CPSC170A Assignment 10
Spell Checker

Monday, April 22nd by 5:00 pm

Research into spell checking dates back to the early 1950's, and was performed on images of cursive writing. Modern day spell checkers have evolved quite a bit, but the idea is fairly straightforward: See if a word is in a collection of known, correctly spelled words. You can very easily write this up using a linear structure. However, your look up times for determining if a word is correctly spelled is on order of the size of the correct word list. We can use a special type of tree, however, to get look up times on the order of the size of the word!

This assignment is different from all of the other assignments: you will be working in pairs for this project. Everyone must work with 1 other member of the class. There will be no groups of more than 2 members allowed for this assignment. Choose your partners carefully, as you and your partner will receive the same grade.

Details

Your program is going to use a special type of tree, known as an alphabetic Trie (pronounced "Tree" or "Try"). An alphabetic trie is a 26-ary Tree. This means that each trie node has up to 26 children. This aligns very well with the English alphabet, as we can label each branch of the tree using a unique letter.

Correct words can be inserted by following the defined branches based on the current character in the word being inserted. When you reach the end of the word, you store the correctly spelled word as the associated data of the node you ended on. Once you've inserted all of the known correct words into the trie, you can determine if a word is correctly spelled by navigating down the branches until you reach the end of the word. You can then check the queried word against the data in the node. A word is correctly spelled if and only if the data of the node you end up at is the same as the word you were searching for.

Consider inserting "cat" into a trie, as shown above. To insert, starting from the root, you follow the branch for 'c'. That gives you a new node, and from that node you follow the 'a' branch. This again gives you a new node, and you follow the 't' branch. Now that you have reached the end of the word, you can insert "cat" into the final node. Searching is essentially the same process, except instead of inserting data at the end, you compare to the current data.

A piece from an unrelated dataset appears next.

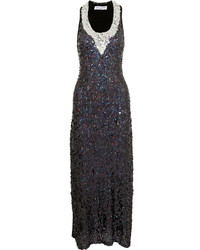 Sonia Rykiel Sequined Ribbed Jersey Gown Black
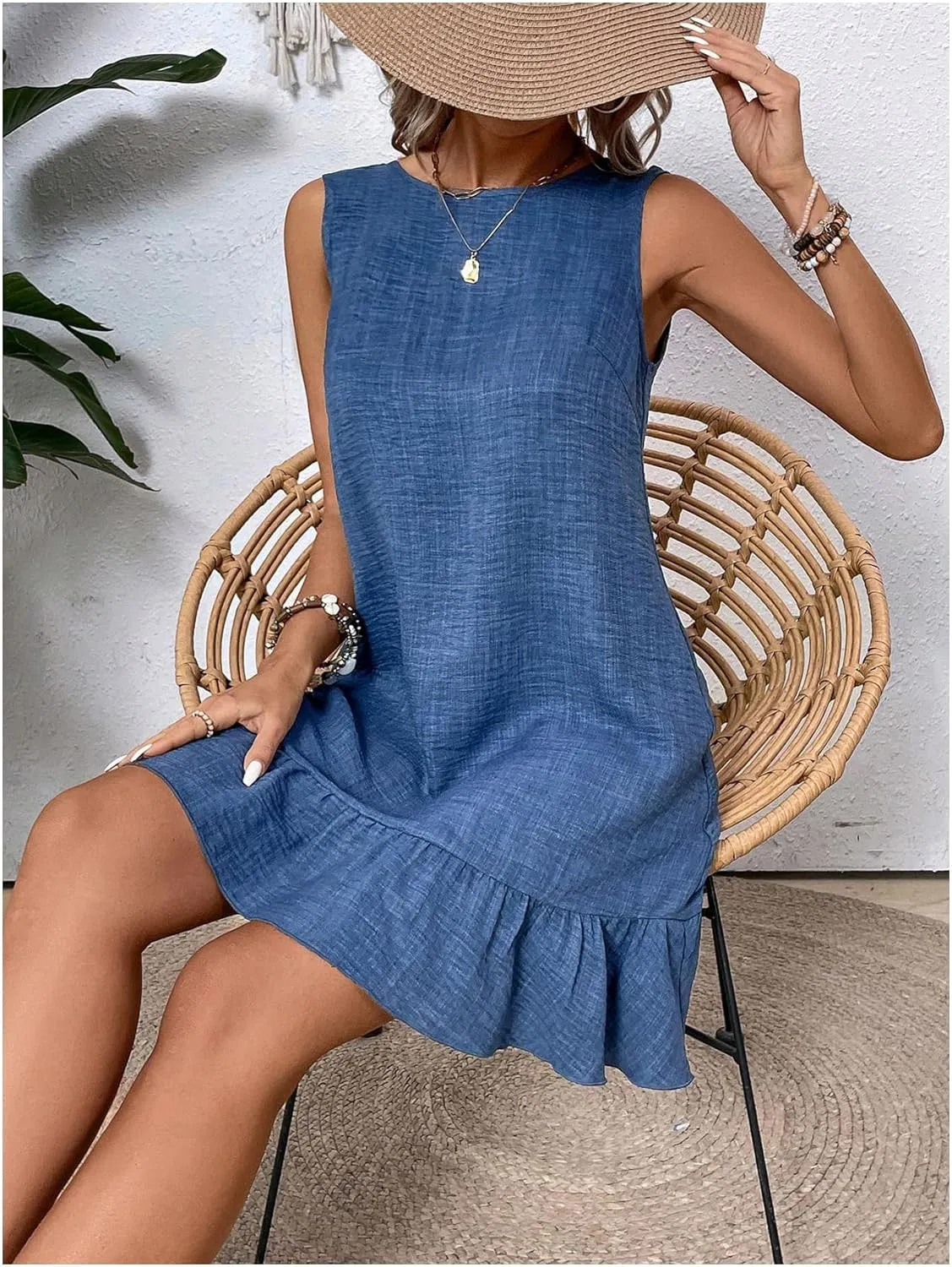 SOLY HUX Women's Sleeveless Ruffle Tunic Dresses Summer Sundresses Short Tank Dress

Your program is going to read in a file of words (specified as a command line argument), similar to this words.txt file. Notice that this file is slightly different than the word file provided for hangman. There are more special characters than just the apostrophe character. You should ignore any word that has a non-alphabetic character. You should also convert each word in the word list to lower case as you read in the word file.

Read and insert all of the words in the known correct "dictionary" into a trie. Your program will then allow the user to type in words to check the spelling of. If the word is spelled correctly (i.e. it was found in the trie), inform the user. If the word is misspelled, However, you should inform the user that they were incorrect, and provide a potential alternative. You can use the trie to come up with some suggestion of the word they may have intended, by simply returning a word that was found somewhere on the path to the word they were typing ("yesterday" might be a suggestion for the word "yesterdayz", for example). If no word exists on that path, you should inform the user that you have no suggestions for them.

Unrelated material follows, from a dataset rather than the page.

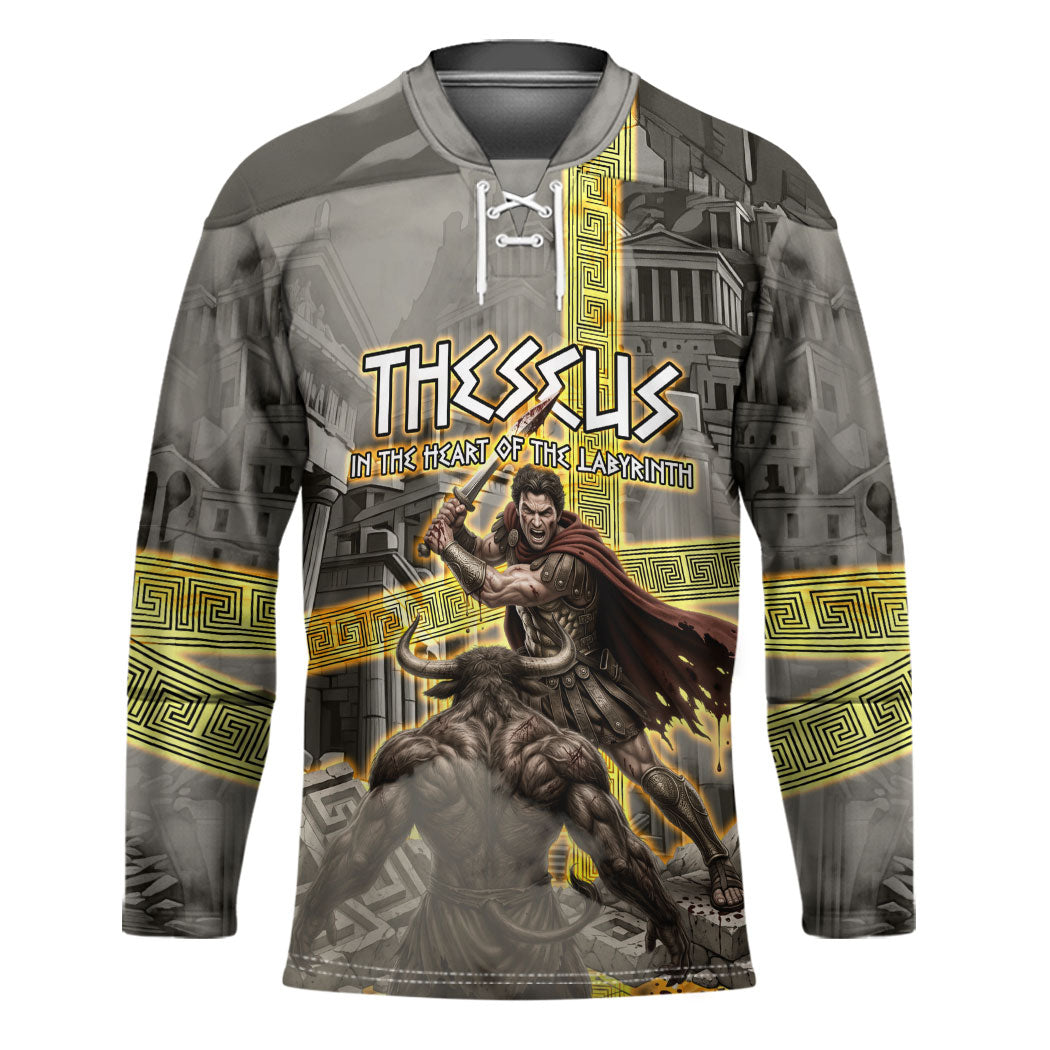 Theseus In The Heart Of The Labyrinth Hockey Jersey Ancient Greek Mythology Minotaur Warrior Battle Art
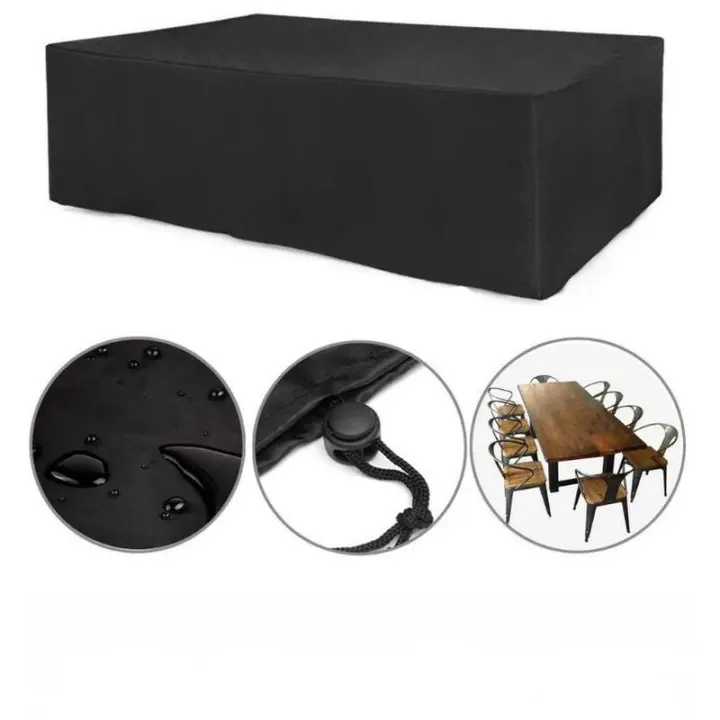 Cubierta para muebles de jardín, cubierta protectora de tela Oxford 210D resistente para muebles de jardín, impermeable, anti-UV para exteriores (130 x 130 x 74 cm) - 1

Submission: Submit your code as a zip file with your name as the zip file name on the course Inquire site.

Program Outline and Test Cases

(This is individual work. Each individual must do this by Tuesday.)

Write down an outline of your program in .py files. You should define what classes you need, what attributes those classes need, and what methods each class will have. For each attribute and global variable, define the data type stored within, and the purpose of the attribute (i.e. why is it an attribute, and not a functional parameter.). For each method, provide precise and complete Pre and Post conditions that describe how to use the method, and why you would use the method.

You are required to also generate 3 test cases for the actual building of the trie. Define your test cases in .py files. However, for the expected results of your test cases, you should draw them out on paper. You should put some thought into these test cases. Think about what weird types of inputs you might need to be able to handle, and specify how your program will handle them.

All of what you define here can (and probably will) change by the time the final program is written. This is a very useful exercise to get yourself started thinking about the problem. You should be able to, at the very least, break the problem into a rough set of steps to generate a final solution.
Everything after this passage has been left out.